My Mother’s Garden
This work is a palimpsest, created on the torn out pages from a book that I bought, second hand, at a flea- market on the streets of Paris. The subject of the book is the health of women. It was published the year that my mother gave birth to me. The subject of the book, that it was found second-hand, as well as the year of publication were significant triggers as I started the work for My Mother’s Garden., All these facts worked themselves into a mental edifice of the way we view women, mothers, health and the idea of the feminine, especially where these ideas ensnarl and entangle themselves with ideas about nature and the garden. Untangling the many knots of associations, a central subject of the work became our contemporary relationship with Gaia. My Mother’s Garden grew in dimensions so that I found myself making work that is about our relationship to the feminine principle in particular and to the whole of nature in general. Nature becomes My Mother’s Garden. My mother is Mother Earth, Pacha Mama. Artemis. She has many names and guises from different cultures. I see how she is celebrated and debased, forgotten and remembered, neglected and embellished.
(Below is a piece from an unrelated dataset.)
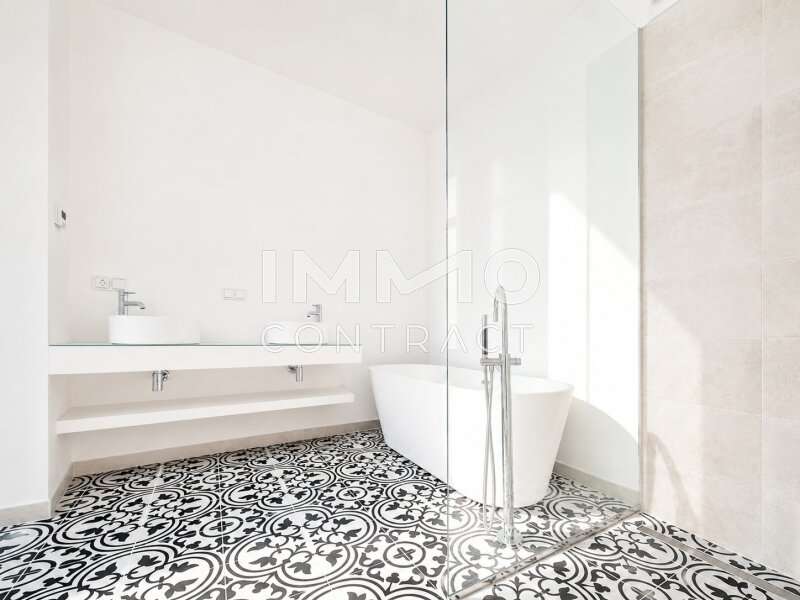 Mietwohnung Wien: BAD MIT BADEWANNE UND DUSCHE BAD MIT BADEWANNE UND DUSCHE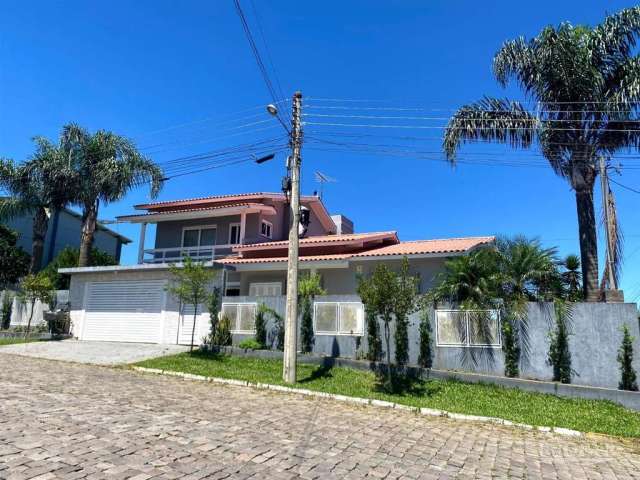 Excelente casa localizada no Bairro Santa Catarina, em amplo terreno de esquina, perfeita para você e sua família. Composta por: Primeiro pavimento: 3 dormitórios, sala de estar, sala de jantar, cozin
The work became a sort of elegy, a visual poem that reflects upon the currently unfolding relationship between humankind and nature. At the heart of my work is the growing understanding that the negative side of this relationship is deeply troubled, exploitative, unrealistic, short-sighted and careless.; And that it will continue to be troubled as long as we see ourselves as separate from nature. Some of the images move into a place where the oneness of human consciousness and nature consciousness is celebrated and seen as a redemptive doorway.